Building a Big Data Processing Pipeline – Chapter 3

Juan Irabedra
.
August 10, 2022
Building a Big Data Processing Pipeline – Chapter 3

In the previous article we focused on getting started with Apache Kafka. We will now focus on Apache Flink: the core technology in our pipeline. We will set up a Flink cluster and learn how to build and submit an app. We will also quickly see some Scala and Scala tools needed to build this app appropriately.

Remember the pipeline looks like the following:

A little Flink architecture

Similarly to what happened with Kafka, Flink architecture should be explained in detail. Given that the purpose of this guide is to show an easy and quick setup for getting started with Flink, we will only mention the Job Manager and the Task Managers.

The Job Manager is the process responsible for coordinating the execution of applications. In particular, distributed applications. It schedules jobs, mediates resource access, reacts to critical events (such as node failure) and so on.

The Task Managers are responsible for actual operations on data. They have slots, which are hosts for actual processing.

There is a lot more to Flink. We do not expect more than an intuitive understanding of its architecture. Flink has some great documentation on its architecture, and it is an advised reading! Check it out here.

Setting up a local Flink Cluster

It is worth mentioning that Flink 1.15.0 runs on Scala 2.12. We can configure the version our application uses with SBT, in case we have installed a different Scala version.

Before we get hands on our Flink job we have to get a cluster up and running. The very first task is installing Flink. Similar to Kafka, Flink can be downloaded from the Apache Flink downloads site.

The Flink source folder has two subfolders worth pointing out: bin and conf. Both contain the same information they had for Kafka. There is one more folder worth mentioning: log. When the Flink Cluster launches, this folder populates. Logs are written there when the cluster is launched or terminated, as well as when jobs are executed.

In order to launch the Flink Cluster, open a new terminal tab at the Flink source folder and run:

no-line-numbers|bash ./bin/start-cluster.sh

The cluster should be up and running and ready to receive jobs to run. We can check it is running by accessing the Flink web UI running on localhost:8081.

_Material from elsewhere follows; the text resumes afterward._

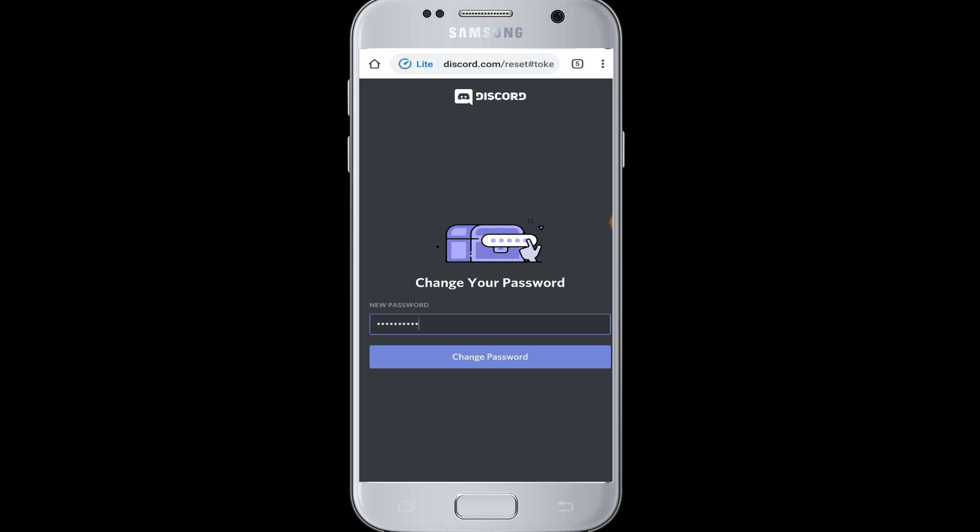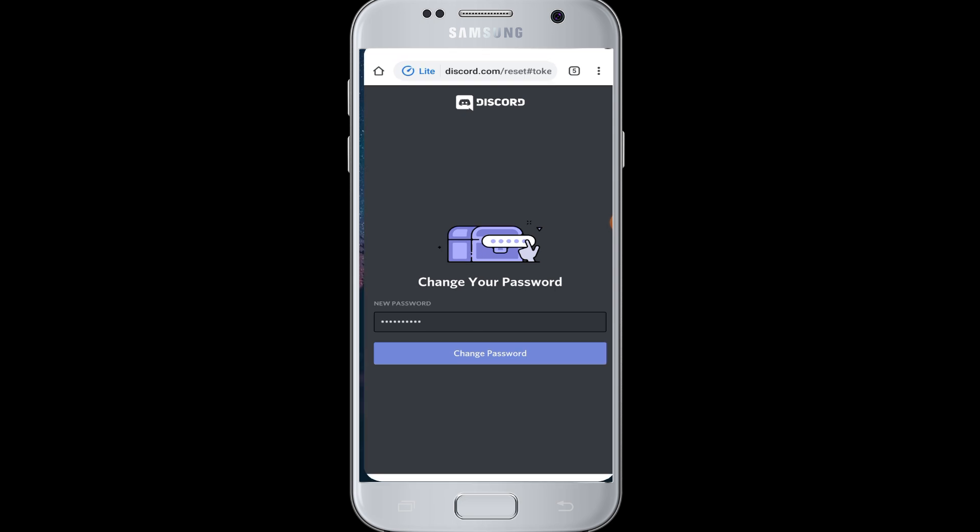Your Discord account will now have a new password and it will be saved. In this way you can reset your forgotten password. I hope this video was helpful to you guys — thank you for watching our video till the end. I hope you have learned how to reset your password on Discord when you have forgotten it.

It is time to create a simple Flink application to run as a job. The idea is to consume the Kafka records we fed our Kafka topic. Finally, we will write the value of such records in a Cassandra table.

Building a Scala application with Flink

In order to easily get started with Scala, we recommend installing SBT. SBT is the preferred package manager in the Scala community. SBT can be easily installed through Homebrew on Mac, Chocolatey on Windows or rpm on Linux. Find out more details here.

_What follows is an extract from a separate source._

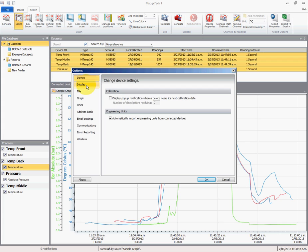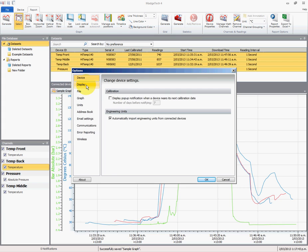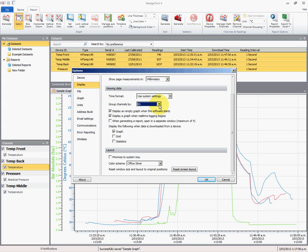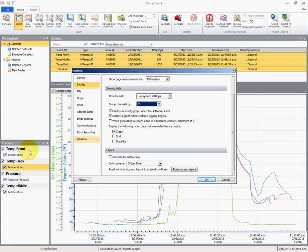Now if we go file, options, there were a few things that were happening automatically when I created it. So we'll select display. I've set this to millimeters, time format we'll leave as a system setting, group channels by ID. Now this is what we're talking about on the right hand side here—we've got these channels, and each data logger I have given an ID, and because they have a unique ID, they appear separately, and that gives me my title and the key.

SBT offers some template projects for getting started with Scala. In order to create the most simple, open a terminal tab on the directory you would like to create the project. Then run:

no-line-numbers|bash sbt new scala/hello-world.g8

You will be prompted to name your project. After that, you are ready to go! Go to your project root directory (the one that has a build.sbt file) and try running:

no-line-numbers|dark|text sbt run

Now the project is being compiled and executed. You should soon see:


Who said getting started with Scala was hard?

SBT Configuration

Before moving to sbt specific syntax, there is one detail we have to take into consideration. Flink allows us to submit .JAR files. Most of the time, we need to add dependencies that are not native to Flink (for instance, connectors). This information must live within the Jar. A Jar that carries all of its dependencies is known as a fat jar or uber jar. In order to build a fat jar, we need a specific plugin: sbt-assembly plugin. Sbt-assembly works like Maven dependency shading.

According to the sbt plugin documentation a valid approach to install plugins within a project is creating a plugins.sbt file. This file should be located in a /project directory in the project root directory. The only plugin we need for now is the assembly plugin. Therefore, our plugins.sbt should look like this:

addSbtPlugin(“com.eed3si9n” % “sbt-assembly” % “1.2.0”);

As mentioned before, Flink requires Scala 2.12.x to run. All project-level configuration for Scala will be made on the build.sbt file.

Each entry in this file is called a setting expression. Each setting expression consists of a key, an operator and a value. The most common setting expression is the dependency expression. Let us see how they look:

no-line-numbers|bash libraryDependencies += “org.apache.flink” % “flink-core” % “1.15.0”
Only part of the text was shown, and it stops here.